In order to judge the effectiveness of any marketing effort, we have to be able to compare and contrast the before and after state. A common mistake is to compare projections (what we want to happen) to short-term results (what did happen in a month of efforts). However, what we should be looking at is a baseline and longer, set periods.
For example, you would want to have access to your financials (namely revenue) from the previous year or two, broken down in quarters or 6 month increments. This establishes a true baseline, against which you can compare your new efforts.
A realistic timeline to see results from your social media engagement ranges from 6 months to a year. Considering that you are not hiring your receptionist’s niece or the accountant’s brother-in-law AND that your objectives are clearly outlined (read more about Social Media Objectives), you should see a measurable increase in revenue.
Defining Social Media ROI
Sasquatch-like, the elusive art of determining Social Media ROI continues to puzzle both large and small business. Why would anyone spend an hour, two or more hunched over a computer updating statuses, writing posts or sorting through images?
You’ve read about Return on Engagement, Return on Influence and so forth – which are terms often used to mask the ineptitude of your marketing agency or department. No bank will let you pay your line of credit with Facebook likes and no restaurant will settle your bill with Twitter followers or blog pageviews.
Social Media ROI is pretty plain and simple: Can you specifically and clearly pinpoint a benefit from social media engagement? Can you connect that benefit to your core business objectives?
Did the effort you put into managing your reputation, increasing your search engine rankings or building an online community produce a higher return then its cost? For a real-world example of this concept in action, read on…

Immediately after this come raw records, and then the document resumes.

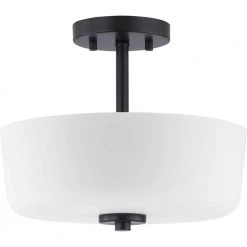 Tobin Collection 2-Light Black Semi- Flush Mount by Progress Lighting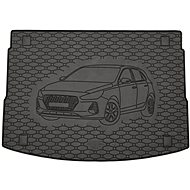ACI HYUNDAI i30, 2017-> Rubber Boot Tray with Car Illustration, Black (HB - Upper Position) - Boot Tray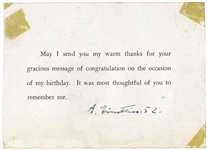 Albert Einstein Signed 1952 Birthday Thank You Note (Beckett/BAS)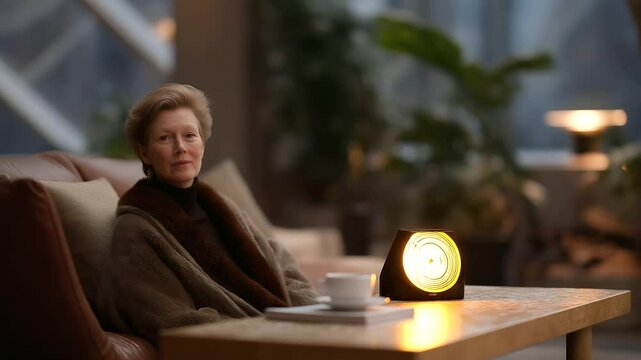 Moderator facilitating discussion in cozy lounge setting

Comparing Apples to Oranges
When we buy traditional media – it’s a pretty straight forward transaction. A billboard may cost $4000 per month – and any new business that comes in addition to the average could then be used to calculate the ROI of the spend. Social Media, on the other hand is a bit more tricky. Or is it?
Let’s put things into perspective here. If you were to run a single billboard at a cost of $4000 per month (conservative estimate) – for a year, your advertising expense would be $48,000 per year. And that is ONE billboard – with no additional ads or anything else.
If you were to take that money and hire a junior person, provided them with a $42,000 per year salary with a $6000 performance bonus – you would get a YEAR worth of human effort; of someone connecting with your customers, increasing your visibility and providing a dedicated service to your best and most interested customers. Let’s even chop off a month and allocate it to that person learning about your company and brand FULL TIME, understanding the strategic objectives and branding guidelines… you have 11 months of someone dedicated to engaging your existing customers and reaching new ones, building your community and managing your online reputation.
It’s almost impossible to think that a year’s worth of social media engagement would yield less results then ONE single billboard – yet it boggles my mind that businesses still lean towards the diminishing returns side of the equation.
Oh… another note: Your online efforts in the area of social media engagement and search engine optimization, to name a couple, will yield multiple returns. Once you’ve built up a community – you have access to those customers in the blink of an eye, anytime. Once you’ve created enough compelling content to increase your search engine rankings – your competition will have to work harder and longer in order to take your place.
So, try not to think about Social Media ROI in the IMMEDIATE term. Give it some time to breathe, develop a smart strategy and set up some realistic and clear objectives and watch it do work.